What does 'Foaming Burbles' mean in the next sentence from the 'Harry Potter: Goblet of Fire', page 153

The principal’s latest accusation was that Brilly had put Foaming Burbles in all the school toilets.

I understand that Foaming means 'produce foam', but what about 'burbles'?

  • It's not English.
    – Colin Fine
    Oct 1, 2022 at 14:30
  • I'd guess it's a brand of bubble bath, or whatever the witchy equivalent is.
    – Stuart F
    Oct 1, 2022 at 22:13

2 Answers 2


Your guess is as good as mine. It is a made up word, made up by JK Rowling for a product that exists only in the fantasy world of Harry Potter.

It seems to be onomatopoeic: it is something that makes a sound like "burble", and produces (large amounts?) of foam, so it is probably a prank product.


This isn't actually a sentence from Harry Potter and the Goblet of Fire; rather, it is one of the sample sentences from The Unofficial Harry Potter Vocabulary Builder, by Sayre Van Young.
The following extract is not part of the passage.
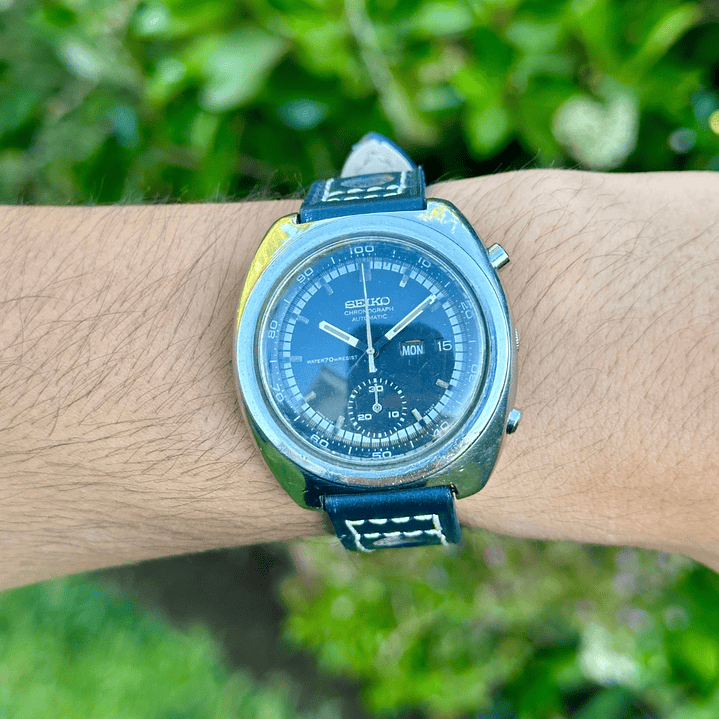 Seiko Chronograph “Bruce Lee” – Automatic – Cal. 6139 Black  – 41mm  7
Each entry consists of a word, its pronunciation and meaning, a page reference to where the word can be found in the Harry Potter series, and a sample sentence showing usage of the word.

In this case, accusation is found on page 153 of the American edition:

“Now, Mum,” said Fred, looking up at her, a pained look on his face. “If the Hogwarts Express crashed tomorrow, and George and I died, how would you feel to know that the last thing we ever heard from you was an unfounded accusation?”

Everyone laughed, even Mrs. Weasley.

The sample sentences are presumably creations of the book's author, Sayre Van Young; the foreword to the book hints that by reading all the sample sentences, you can piece together hints towards a larger story.

Those of you who look up more than one or two words will soon realize there's a story going on here, and you may wonder what happens to Brilly, Willow, Annie, Tamika, Ravi, and all the other characters mentioned (especially the evil Blackpool).

Check out the Epilogue at the end of the book.

Foaming Burbles, therefore, are an invention by Sayre Van Young of something that would feel at home in the Harry Potter universe. Presumably, as mentioned in the other answer, they are some kind of wizarding prank, likely something Brilly would have bought from Fred and George's joke shop. They show up at least once more in another sample sentence:

The tuba players in the school marching band began to break ranks as their bewitched tubas suddenly sprouted giant fountains of Foaming Burbles.

The use of capital letters implies that Foaming Burbles is a brand name - so these are probably a specific product that you can buy in a joke shop.